Three distinct SPARQL patterns are used to extract amount regulations from BEL.

  • q_tscript1 searches for a subject which is a Transcription ActivityType of a ProteinAbundance and an object which is an RNAAbundance that is either increased or decreased.

    Examples:

    transcriptionalActivity(proteinAbundance(HGNC:FOXP2)) directlyIncreases rnaAbundance(HGNC:SYK)

    transcriptionalActivity(proteinAbundance(HGNC:FOXP2)) directlyDecreases rnaAbundance(HGNC:CALCRL)

  • q_tscript2 searches for a subject which is a ProteinAbundance and an object which is an RNAAbundance. Note that this pattern typically exists in an indirect form (i.e. increases/decreases).

    Example:

    proteinAbundance(HGNC:MTF1) directlyIncreases rnaAbundance(HGNC:LCN1)

  • q_tscript3 searches for a subject which is a ModifiedProteinAbundance, with an object which is an RNAAbundance. In the BEL large corpus, this pattern is found for subjects which are protein families or mouse/rat proteins, and the predicate in an indirect increase.

    Example:

    proteinAbundance(PFR:”Akt Family”,proteinModification(P)) increases rnaAbundance(RGD:Cald1)

print_statement_coverage()[source]

Display how many of the direct statements have been converted.
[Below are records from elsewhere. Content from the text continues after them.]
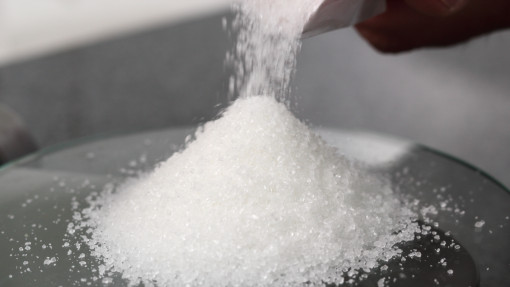 Cukier zamienił się w kamień? Włóż do pojemnika tę jedną rzecz. Rano będzie znów sypki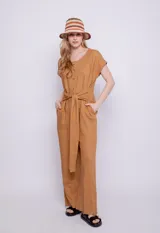 Mono color verde oliva de lino y viscosa, con botones veteados, manga corta, dos bolsillos laterales y lazo para atar a la cintura.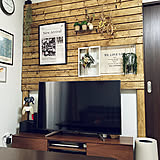 「グルーガンで接着するだけでいい！超簡単な窓枠風のつくり方」 by anko.hibuさん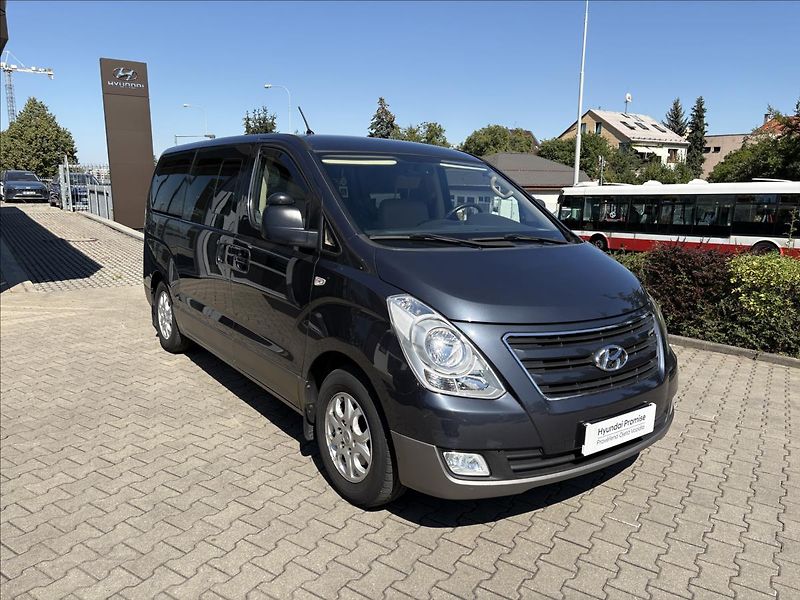 Hyundai H 1 2,5   Tour 8 míst - fotka 7 z 20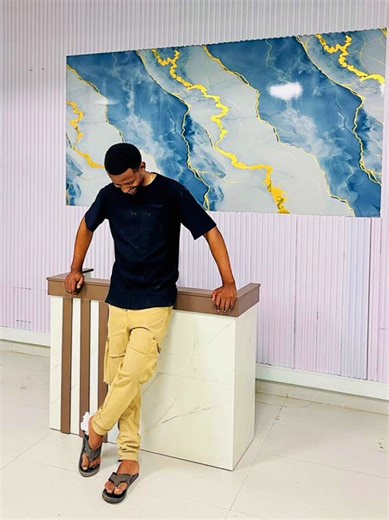 🏢 OFISI YAKO INASEMA NINI KWA WATEJA? Usiweke jina tu… weka 2D Sign yenye mvuto na hadhi. 🔥 2D Sign: • Inaifanya biashara ionekane rasmi na ya kuaminika • Inavutia macho ya wapita njia • Inaongeza thamani ya brand yako • Inafanya ofisi ionekane professional Mwonekano mzuri wa mbele ya ofisi si anasa — ni silaha ya biashara. 📌 @walker_arts12 – Designing, Printing & Branding 📞 0769813933 📍 Dodoma, Makole National Housing @ishabsaid1 @kili mnyab👻🧸 @susanpaul138 @BRAND VILLAGE DODOMA #dodoma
Also prints how many are considered ‘degenerate’ and not converted.

print_statements()[source]

Print all extracted INDRA Statements.

indra.sources.bel.processor.namespace_from_uri(uri)[source]

Return the entity namespace from the URI. Examples: http://www.openbel.org/bel/p_HGNC_RAF1 -> HGNC http://www.openbel.org/bel/p_RGD_Raf1 -> RGD http://www.openbel.org/bel/p_PFH_MEK1/2_Family -> PFH

indra.sources.bel.processor.term_from_uri(uri)[source]

Removes prepended URI information from terms.